Malgré la redécouverte de la gloire et un Oscar pour son film réalisé en Russie, Dersu Uzala, Kurosawa n’a toujours pas réussi à raviver les sentiments dans le cœur de l’industrie cinématographique japonaise. Pendant près d’une décennie, Kurosawa a essayé en vain de faire réaliser son scénario pour Ran au Japon. Après tous les succès qu’il avait acquis, il lui fallait à nouveau trouver une figure sympathique en Occident, cette fois en France, trouver enfin un Français qui ne le calomniait pas comme un vendu, le salut venant de Serge Silberman.
Son dernier quart de siècle de vie a été étonnamment productif mais doux-amer, Francis Ford Coppola et son fanboy George Lucas – tous deux en pleine forme à la fin des années 70 – sont intervenus pour intimider Toho pour financer l’épopée du réalisateur, Kagemusha. Au cours de la dernière décennie de sa vie, il s’est concentré sur un projet plus personnel appelé Dreams. Une fois de plus, il dut se tourner vers ses admirateurs d’Hollywood pour l’aider à faire décoller le film, la production, les effets spéciaux et la distribution étant assurés par des sociétés américaines.
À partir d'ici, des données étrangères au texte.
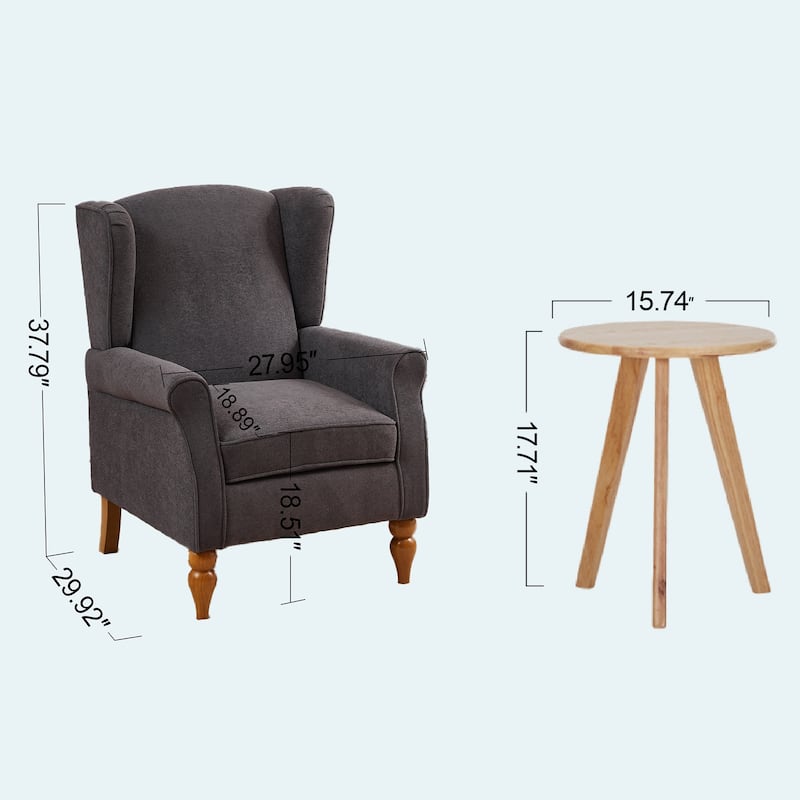 Arm Chairs Wingback Chairs with Solid Wood Coffee Table, Reading Chair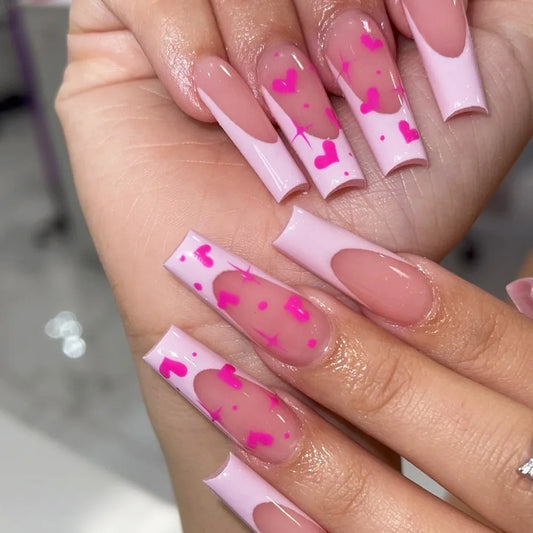 24pcs French Coffin Press on Nails Sets Valentine's Day Love Starlight Pink Long Ballet Fake Nail Tips Reusable False Nails Art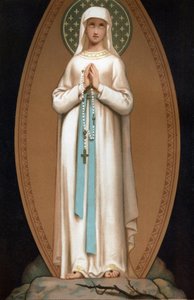 Notre Dame de Lourdes: voorstelling van de Maagd Maria zoals zij zou zijn verschenen aan Bernadette Soubirous in de grot van Lourdes in 1858. Chromolithografie. Frontispice van 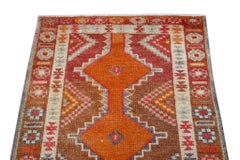 Red & Orange Vintage Turkish Runner 2'8" x 12'10"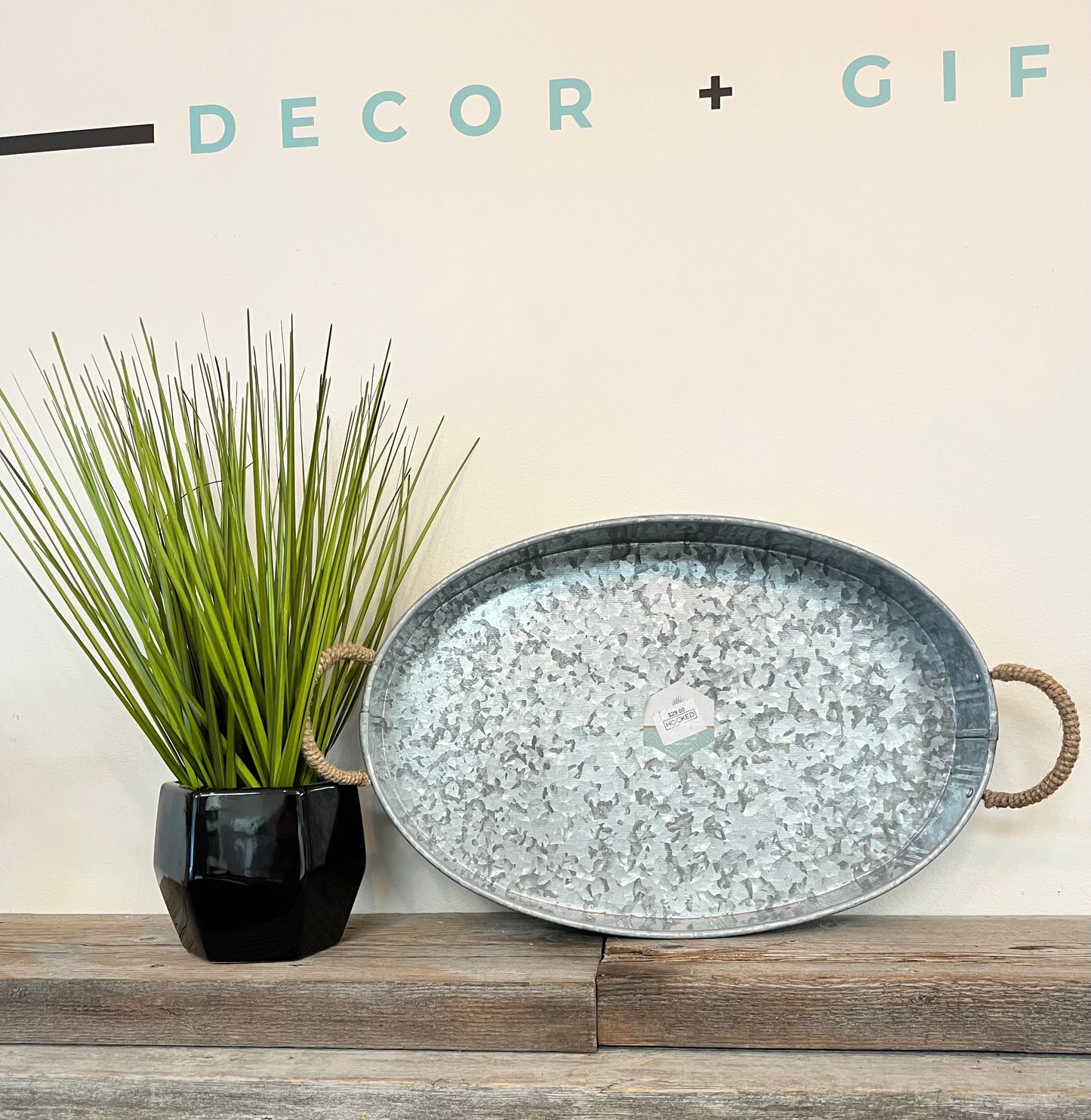Metal Oval Tray with Rope Handles (Small)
La première a sauté le Japon, révélant à quel point sa réputation auprès du public japonais et des magnats du cinéma avait sombré.
Cette fois, Lucas et son ami Steven Spielberg étaient là pour l’aider, puis pour lui remettre un Oscar d’honneur en 1990. Dans son autobiographie, il a eu du mal à expliquer pourquoi ses films ont été rejetés chez lui, en disant « Pourquoi est-ce que les Japonais les gens n’ont pas confiance dans la valeur du Japon ? Durant les dernières années de sa vie, il oscille entre dépression et satisfaction détachée, se confrontant à sa place délicate dans le cinéma japonais, artisan devenu inutile, se sentant comme un parent embarrassant qui ne se présente qu’aux réunions de famille. être poliment toléré.